10. Law habit is considered as a natural deterrent inherent in our International law system which exists and operates to minimize the extent to which states breach the law. This exists due to the binding nature or quality of International law through Political acceptance by various states. Since states are the ones who create what International law is, then it would be right to say that International law, since it is in accordance to the will of the International community rather than made by a centralized law- making body will be followed by the states who accepted such common practice and acknowledged to be such by other states. Yes, there is such a thing in international relations, as it can be seen in areas where there is cooperation between states through acts like the exchange of diplomats for regulation of international communications as opposed to areas where states would be better served by violating International law rather than following it, though this is a minority to the great number of states who comply with the duty imposed by International law. Though the common global view or perception of people is that the more powerful the state, the easier it is for them to violate International law or can readily ignore the law whenever it is beneficial to them. But it isnt as easy and simple as that, since one must look beyond such benefit and take into consideration the myriad of factors or implications of their actions like that of the political and economic repercussions before taking actions of violations.
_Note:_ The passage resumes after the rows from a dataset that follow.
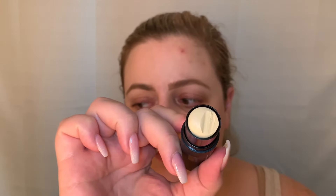Another one from NARS is a stick foundation — the Velvet Matte Foundation Stick in Siberia. It's super yellow. I'm looking down at my computer for my viewfinder since I'm recording on my iPhone. Up next is Makeup Forever Matte Velvet Skin 24-Hour Full Coverage Foundation in shade Y205.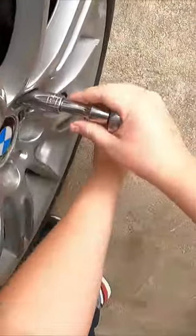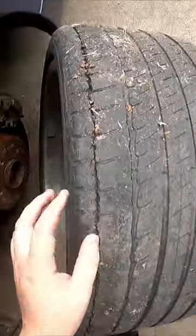Yep, perfect. Once they're broken loose, guys, don't take off the lugs without picking up the car — keep forgetting. This is a lug car. That's when you can go ahead and — guys, look at this.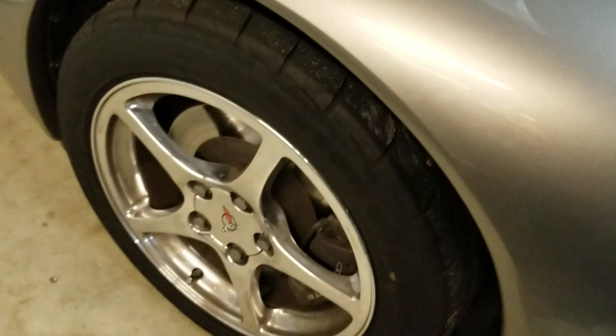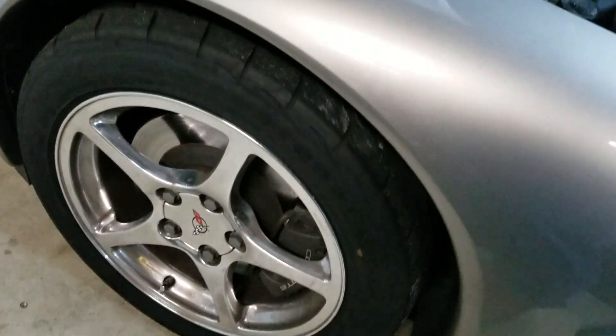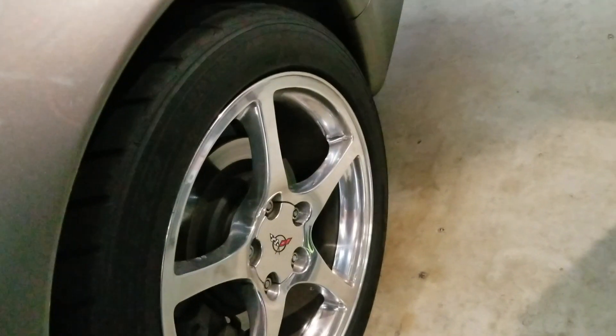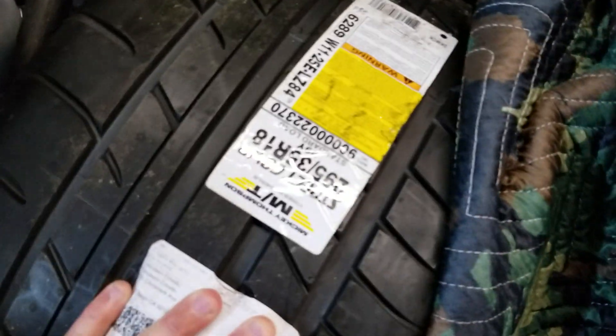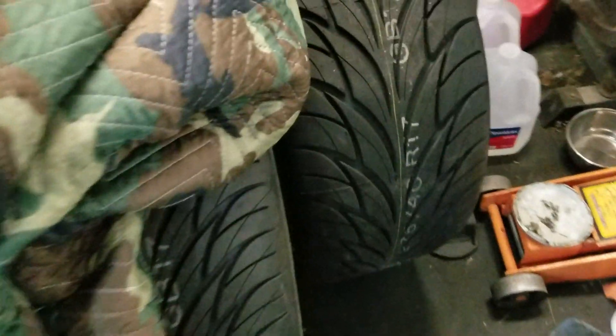I also bought new tires. My stock setup is 17s in the front and 18s in the back like the Z06, but with a smaller wheel width. I'm going to sell my current tires — Firestone Indy 500s in the front and NT05s in the back, which are really good tires that hook well. For the Z06 wheels I got Mickey Thompson Street Comps for the rears and Federal SS 595s for the fronts.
11. Yes, we need a theory of international law since, this theory provides different approaches to give an explanation to or simpler and sometimes complex understanding as to the existence, action and reactions of states or subjects of International law, and if upon knowing and understanding the various factors at play in the International community, we as a whole, can suggest improvements in its every aspect, be it from its formation, up to its implementation and enforcement.

The purpose of the United Nations is to maintain international peace and security, to develop friendly relations among nations based on respect for the principle of equal rights and selfdetermination of peoples, and to take other appropriate measures to strengthen universal peace, to achieve international co-operation in solving international problems of an economic, social, cultural, or humanitarian character, and in promoting and encouraging respect for human rights and for fundamental freedoms for all without distinction as to race, sex, language, or religion; and to be a center for harmonizing the actions of nations in the attainment of these common ends. Given these purposes, upon the attainment of such and reaching of a total understanding of the theory of International law, the need for existence of International law will cease and bring about an evolution if you will, and if I may be so bold to propose, an idea or conversion of the term International law to an Intra- Nation or State Law. I am of the belief that if we as a people, push and clamor for the formation of a single world government where every state or country regardless of its GNP production, religion, race, population, creeds or past history will be accepted and be joined to a single cohesive body. Disputes can be largely if not totally avoided, war, famine, greed, hate or contempt be a distant memory.